In [1]:
import os
import sys

import numpy as np
import pandas as pd
import scipy.stats
import eqtk
import itertools


In [2]:
pwd = os.path.abspath('../..')
sys.path.append(os.path.join(pwd, 'code/')) 
import utilities
from utilities import *

Plan: Load pre-computed equlibrium concentrations generated by simulating 1-input dimerization networks of various sizes (3 monomers - 6 monomer species) with randomly sampled binding affinities and accessory monomer concentration (see 20220617_sim1inputTitration_randomParams_highRes.ipynb for details). 

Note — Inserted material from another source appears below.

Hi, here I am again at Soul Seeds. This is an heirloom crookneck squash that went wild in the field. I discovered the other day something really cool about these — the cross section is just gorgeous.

To generate the network "output" we want to sum up the dimer concentrations at equlibrium with some non-negative weight for each dimer. Generate a set of output weights to apply across all simulations. Save the data and move to a new notebook to paramaterize and cluster the output. 

Note that the number of possible output weights scales exponentially with the number of dimers (which scales quadratically with the number of monomers). So if we have 3 possible output weight values (e.g. 0, 1, and 2), then for a 6 monomer network,  with 21 dimers, there are $3^{21}$ ~ $10^9$ possible output weight combinations. This is too many to compute exhaustivally at this point. Instead, use latin-hypercube sampling to generate a semi-random collection of output weights. 

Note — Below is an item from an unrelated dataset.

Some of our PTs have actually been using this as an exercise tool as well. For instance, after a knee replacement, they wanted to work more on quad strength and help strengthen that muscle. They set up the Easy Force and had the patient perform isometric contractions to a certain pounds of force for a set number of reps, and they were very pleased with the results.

Previously, with the smaller input titration, I also generated output weight vectors by restricting the total number of "active" dimers (i.e. dimers with non-zero output weights) and then, for a given sized network, permuting which dimers are active (see 20220612_sim1input_randomOutputWeights.ipynb). Unfortunately, for the larger "highRes" input titration, this approach for generating output weights and computing outputs is too memory intensive. 

In [3]:
def LHS_weights(n_dimers, k, lb=1, ub=10, 
                   centered = False, log = False, seed = 42):
    """
    Given n_dimers, sample k output weight vectors from 
    latin hypercube with lower bound = lb and upper bound = ub. 
    If log = True, then np.log10(lower bound) = lb and np.log10(upper bound) = ub.
    
    Returns
    -------
    out_weights : array_like, shape (k, n_dimers)
    """
    lhs_sampler =  scipy.stats.qmc.LatinHypercube(d=n_dimers, centered=centered, seed=seed)
    out_weights = lhs_sampler.random(n=k)
    out_weights = scipy.stats.qmc.scale(out_weights, [lb]*n_dimers, [ub]*n_dimers)
    if log:
        return np.power(10, out_weights)
    else:
        return out_weights
     


In [4]:
def compute_output_random_weights(n_monomers, n_weights, lb=-3, ub=3, 
                                  log=True, centerLHS=False, 
                                  seed=42, save = False, outfileprefix = ''):
    """
    Load equil concentrations for network of size n_monomers simulated with semi-random parameters
    then generate semi-random output weights and compute dot product. 
    
    Parameters
    ----------
    n_monomers : int. 3 - 6 valid
        network size
    n_weights : int
        If sample_method == 'LHS', n_weights corresponds to the total number of weight vectors. 
    lb : int. Default -3
        Lower bound for output weight values. 
    ub : int. Defaul 3
        Upper bound for output weight values. 
    log : bool. Default True
        Place output weights on log scale
    centerLHS : bool. Default False. 
        see scipy.stats.qmc.LatinHypercube()
    seed : int. Default 42
    save : bool. Default False. 
    outfileprefix : string. Default ''. 
    
    Return
    ------
    out_weights : array_like, shape (n_dimers, n_weights)
    out : array_like, shape (S_all.shape[0], S_all.shape[2], n_weights) = (n_input_titration, n_param_univerese, n_weights) 
    """
    n_dimers = number_of_dimers(n_monomers)
    
    S_all = np.load(f'../../data/20220617_1input_randomParams_highRes/S_all_{n_monomers}M_1000k.npy')
    
    out_weights = LHS_weights(n_dimers, n_weights, lb=lb, ub=ub, 
               centered=centerLHS, log=log, seed=seed)
    #Transpose for matrix multiplication
    out_weights = out_weights.T
            
    #Rearrange axes of S_all to broadcast matrix multiplication
    S_all = np.moveaxis(S_all, 2, 0)
    out = np.matmul(S_all[:,:,n_monomers:], out_weights)
    #Reshape out
    out = np.moveaxis(out, 1, 0)
    if save:
        np.save(f'{outfileprefix}out_weights_{n_monomers}M_LHSsample_{out_weights.shape[1]}k.npy', out_weights)
        np.save(f'{outfileprefix}output_{n_monomers}M_LHSsample_{out_weights.shape[1]}k.npy', out)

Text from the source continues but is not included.